Dear Grandmother,
There is nothing easy about this dying.
But what matters now and only now, is how you gave everything to this world, especially to my brother and I. The way you kept all of your promises and how you saw every single one of my baseball games and how you knew how to say I Love You even in those last days when you were so weak you couldn't move your lips.
and then there was your sister, who did the same for her family. How similar you both were, the way you gave up everything for someone. I only hope you knew how appreciative we all were. But in the end, how unsurprising it was, both of you leaving this life of wanting, no more than a half day apart. How close you were your entire lives, soul mates with the same blood. Nothing would make more sense than holding the other's hand into the unknown.

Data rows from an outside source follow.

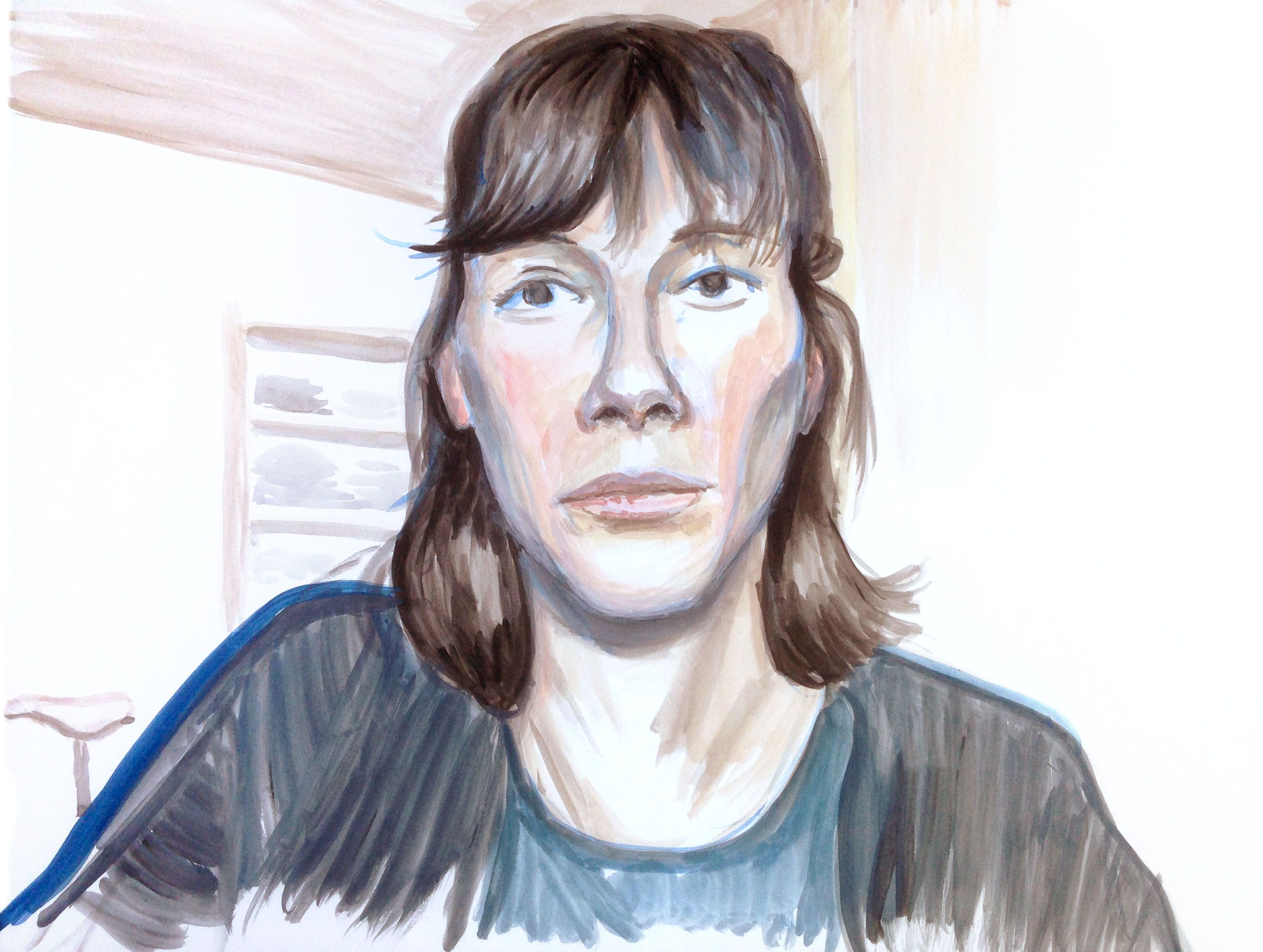 Blair Ekleberry - Franziska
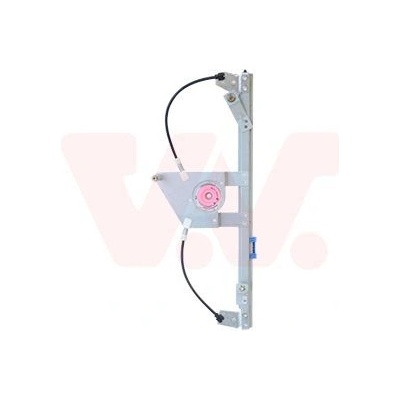 Zvedací zařízení oken VAN WEZEL 0938267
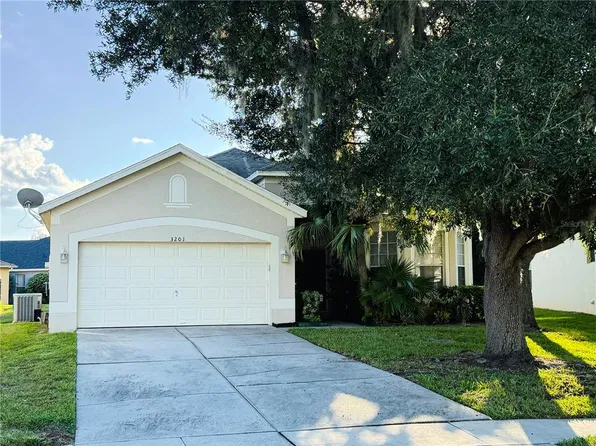 3201 STONEHURST CIRCLE, KISSIMMEE, FL 34741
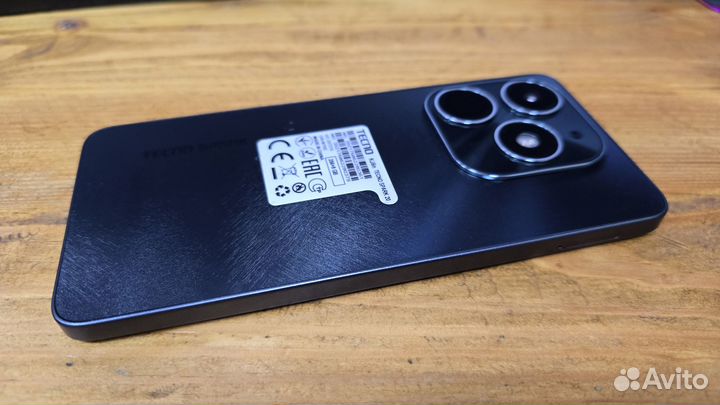 TECNO Spark 20, 8/256 ГБ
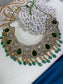 FMC1350 - Pachi Kundan Necklace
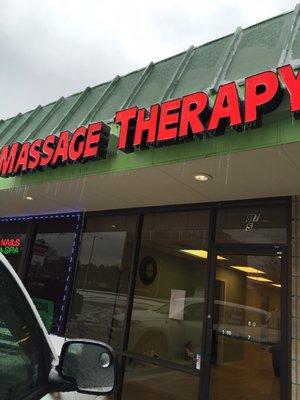 Massage Therapy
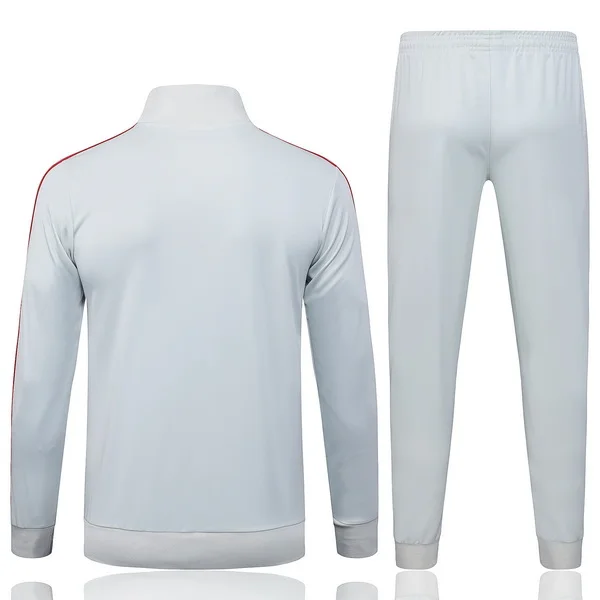 Flamengo Conjunto 2025 2026 Gris - Flamengo Barata | 7camisetas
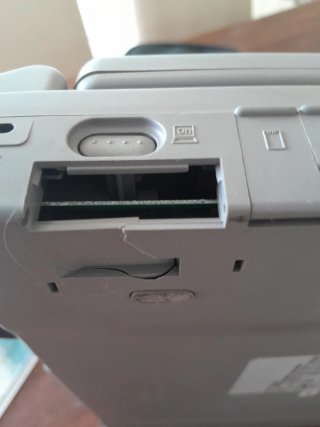 Portatile Toshiba T2100 grigio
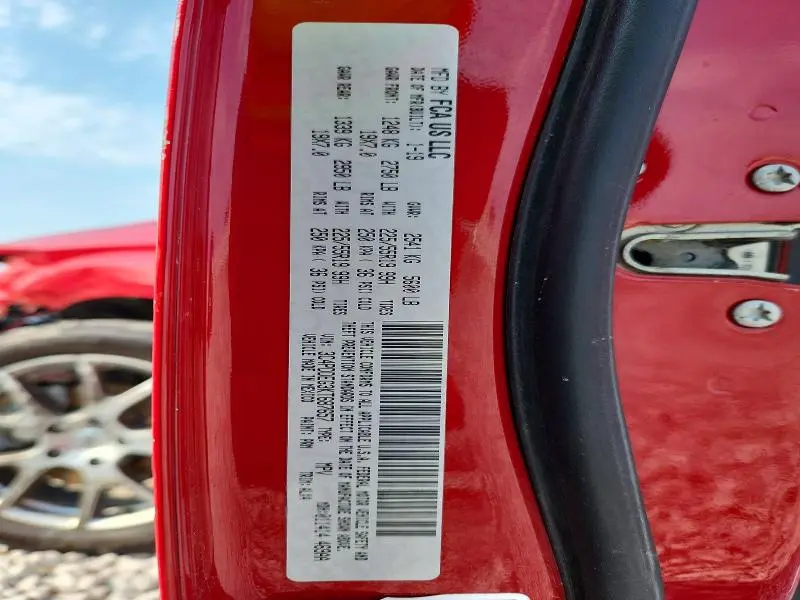 2019 DODGE JOURNEY GT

For you both, here are two poems for which I will hum to you every day for the rest of my life.
The first by Donald Justice, I have found, out of all the poems I have ever read, to be the saddest. And another by e.e. cummings for which I find to be one of the most beautiful poems.
There is nothing else, than to have both these at the same time, so heavy with their own weight.

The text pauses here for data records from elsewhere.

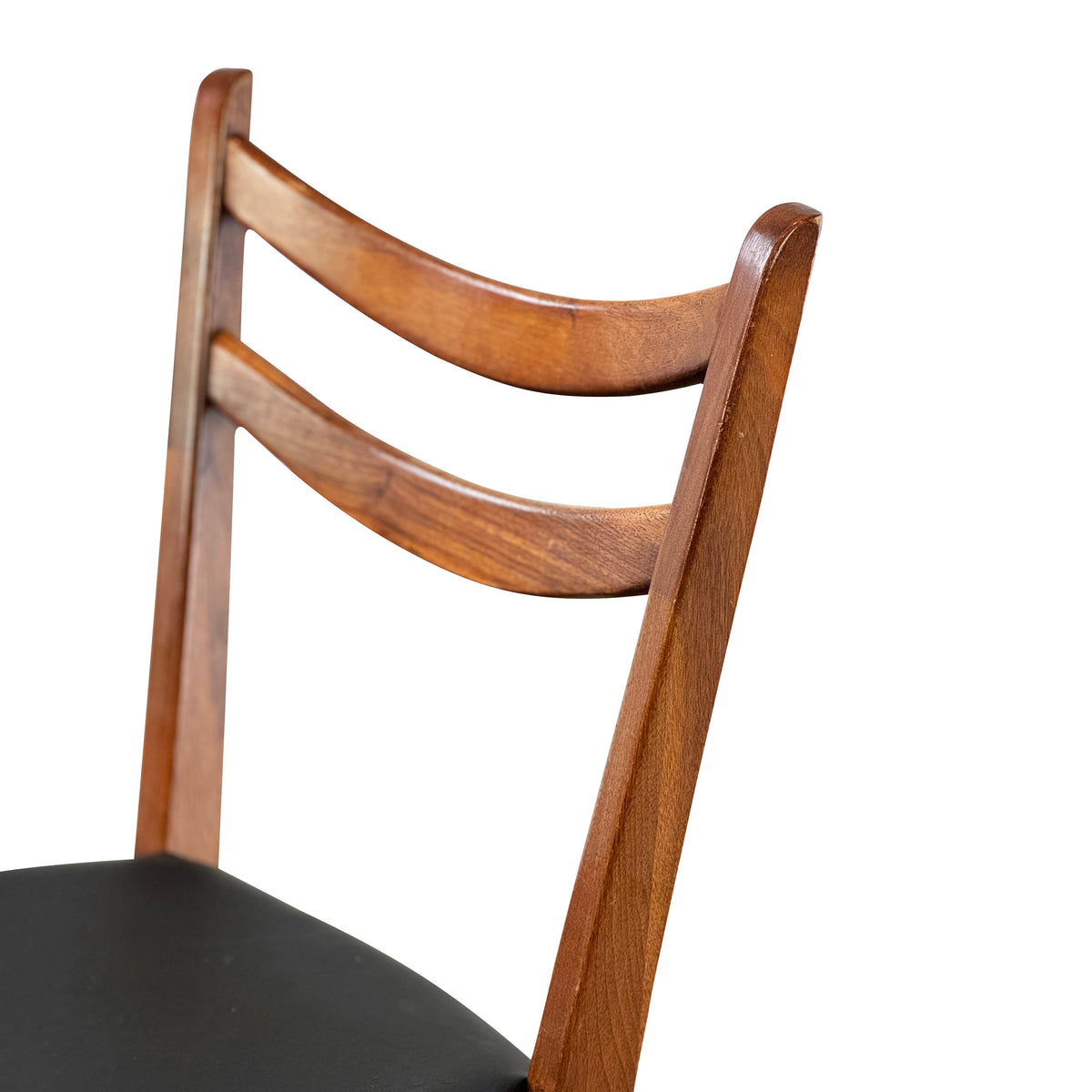 Walnut Dining Chairs by Honderich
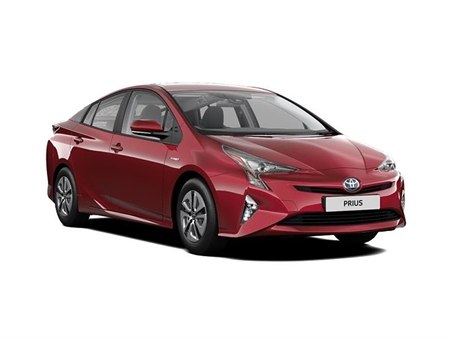 Toyota Prius 1.8 VVTi Active CVT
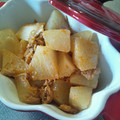 Ｋａｏｃｈｉｅｅ's cooksnap of when they made 圧力鍋で3分！とろとろ✩キムチツナ大根.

Psalm and LamentIn memory of my mother (1897-1974)
Hialeah, Florida
The clocks are sorry, the clocks are very sad.
One stops, one goes on striking the wrong hours.
And the grass burns terribly in the sun,
The grass turns yellow secretly at the roots.
Now suddenly the yard chairs look empty, the sky looks empty,
The sky looks vast and empty.
Out on Red Road the traffic continues; everything continues.
Nor does memory sleep; it goes on.
Out spring the butterflies of recollection,
And I think that for the first time I understand
The beautiful ordinary light of this patio
And even perhaps the dark rich earth of a heart.
(The bedclothes, they say, had been pulled down.
I will not describe it. I do not want to describe it.
No, but the sheets were drenched and twisted.
They were the very handkerchiefs of grief.)
Let summer come now with its schoolboy trumpets and fountains.
But the years are gone, the years are finally over.
And there is only
This long desolation of flower-bordered sidewalks
That runs to the corner, turns, and goes on,
That disappears and goes on
Into the black oblivion of a neighborhood and a world
Without billboards or yesterdays.
Sometimes a sad moon comes and waters the roof tiles.
But the years are gone. There are no more years.
if there are any heavens my mother will if there are any heavens my mother will(all by herself)have
one. It will not be a pansy heaven nor
a fragile heaven of lilies-of-the-valley but
it will be a heaven of blackred roses
my father will be(deep like a rose
tall like a rose)
standing near my
(swaying over her
silent)
with eyes which are really petals and see
nothing with the face of a poet really which
is a flower and not a face with
hands
which whisper
This is my beloved my
(suddenly in sunlight
he will bow,
& the whole garden will bow)
To the two woman who taught me how to treat everything with compassion, may your loving kindness touch every single inch of all the new worlds.